**Record extracts**
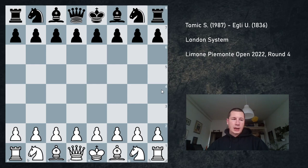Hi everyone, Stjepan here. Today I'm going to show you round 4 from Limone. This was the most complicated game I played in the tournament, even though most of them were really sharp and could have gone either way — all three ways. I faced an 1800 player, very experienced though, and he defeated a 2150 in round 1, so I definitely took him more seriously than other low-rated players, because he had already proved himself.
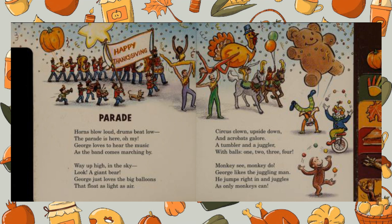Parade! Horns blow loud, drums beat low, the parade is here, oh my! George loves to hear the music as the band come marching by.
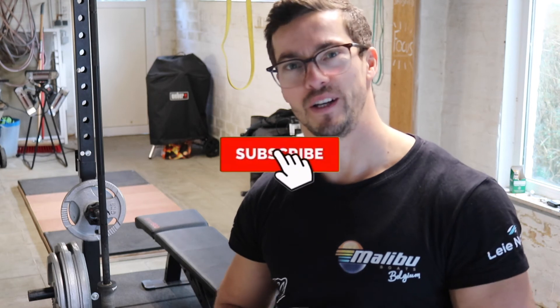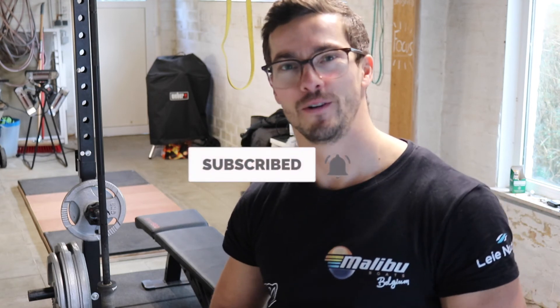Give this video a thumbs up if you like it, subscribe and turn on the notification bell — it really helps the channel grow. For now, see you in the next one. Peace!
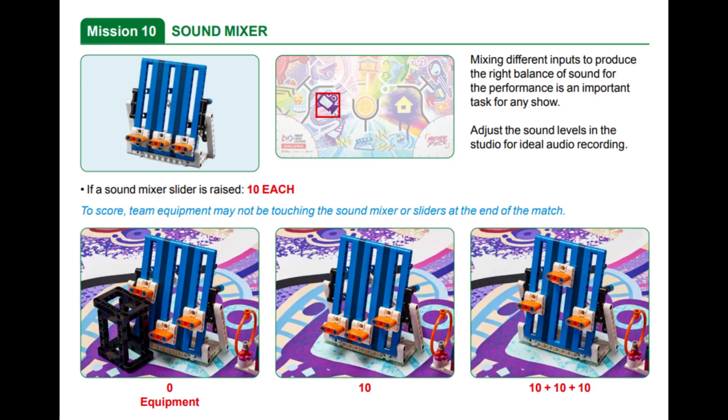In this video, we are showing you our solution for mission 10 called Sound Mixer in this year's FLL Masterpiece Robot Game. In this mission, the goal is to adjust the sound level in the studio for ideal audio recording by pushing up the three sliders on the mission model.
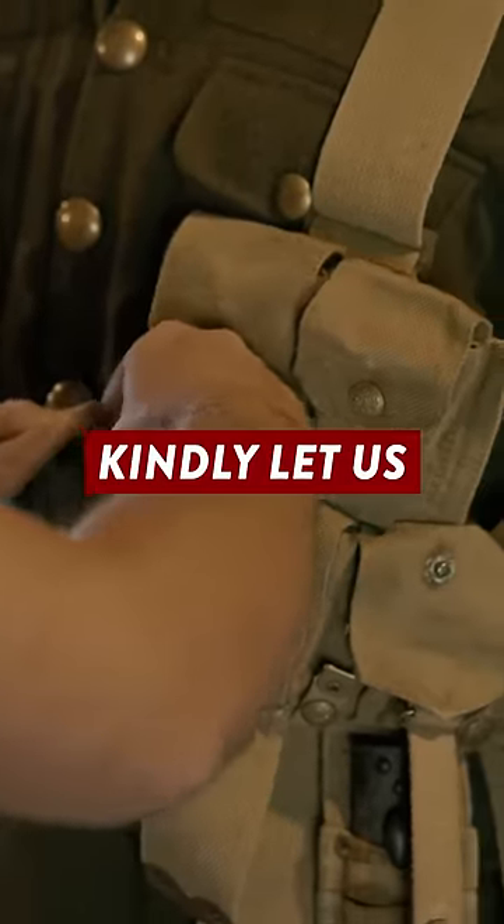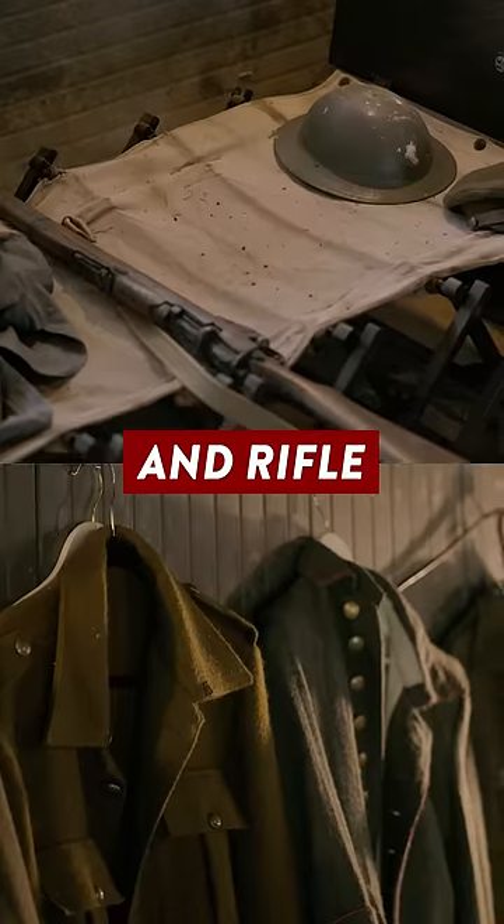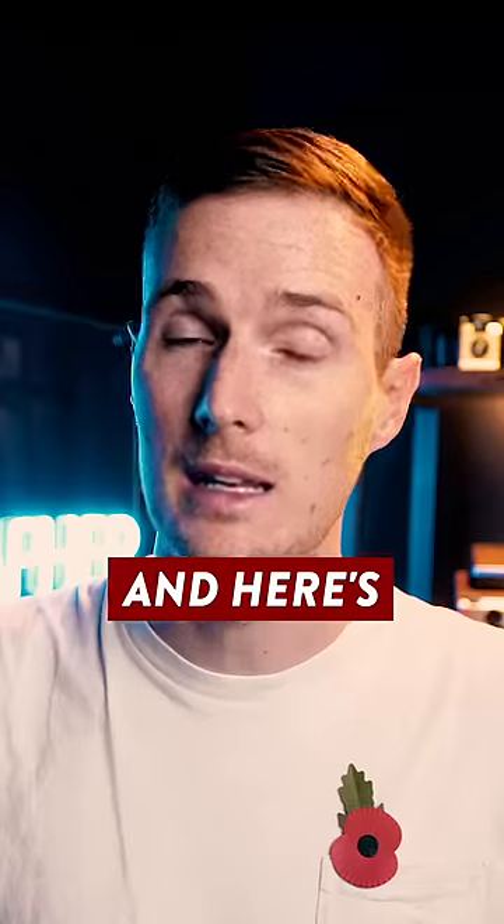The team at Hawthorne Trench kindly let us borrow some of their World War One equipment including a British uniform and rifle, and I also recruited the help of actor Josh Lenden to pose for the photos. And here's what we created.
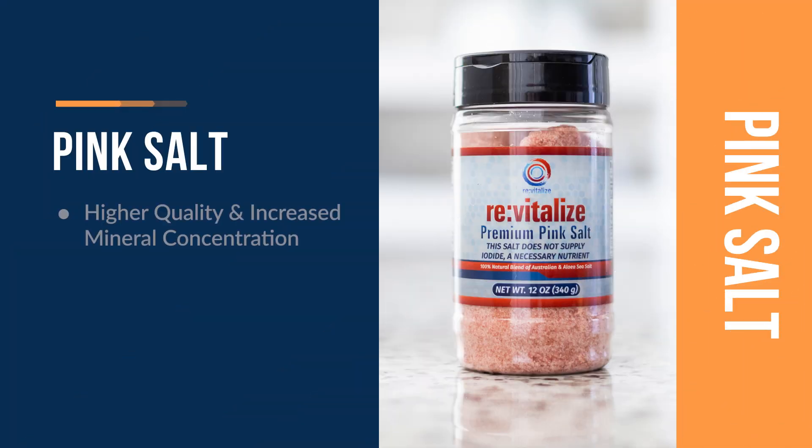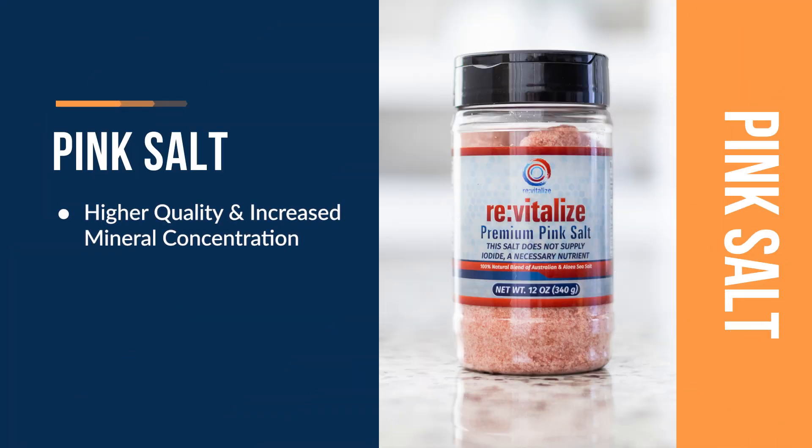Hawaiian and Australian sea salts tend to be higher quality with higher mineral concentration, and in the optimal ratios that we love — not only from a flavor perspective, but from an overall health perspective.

* * *

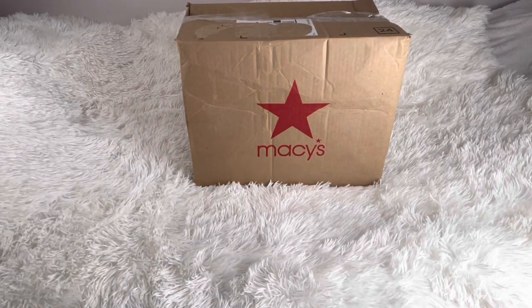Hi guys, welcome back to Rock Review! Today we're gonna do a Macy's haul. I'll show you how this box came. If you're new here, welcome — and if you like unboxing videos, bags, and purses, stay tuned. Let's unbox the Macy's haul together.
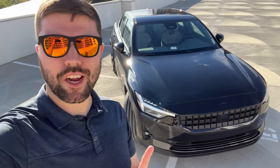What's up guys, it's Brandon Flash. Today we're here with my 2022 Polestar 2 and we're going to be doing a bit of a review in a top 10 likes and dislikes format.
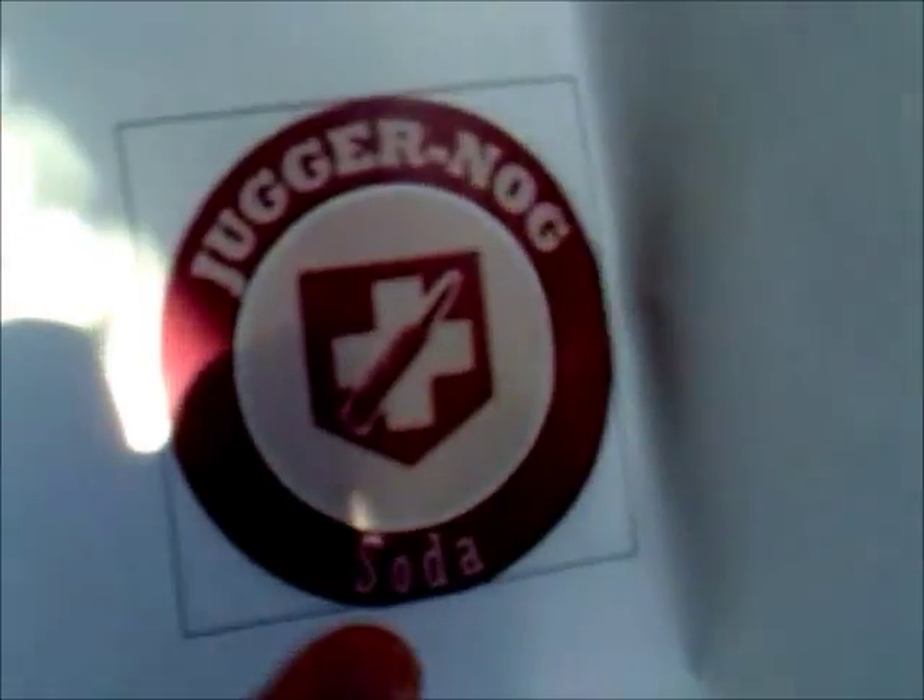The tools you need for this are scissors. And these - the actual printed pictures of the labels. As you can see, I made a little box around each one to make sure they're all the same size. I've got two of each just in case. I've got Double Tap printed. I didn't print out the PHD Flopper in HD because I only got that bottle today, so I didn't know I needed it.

**Task brief**
Everything from the line above that contains "Hi guys, welcome" down to the line that contains "What's up guys, it's" must be reproduced exactly, both ends included. Omit the pictures.

**Result for this task**
Hi guys, welcome back to Rock Review! Today we're gonna do a Macy's haul. I'll show you how this box came. If you're new here, welcome — and if you like unboxing videos, bags, and purses, stay tuned. Let's unbox the Macy's haul together.
What's up guys, it's Brandon Flash. Today we're here with my 2022 Polestar 2 and we're going to be doing a bit of a review in a top 10 likes and dislikes format.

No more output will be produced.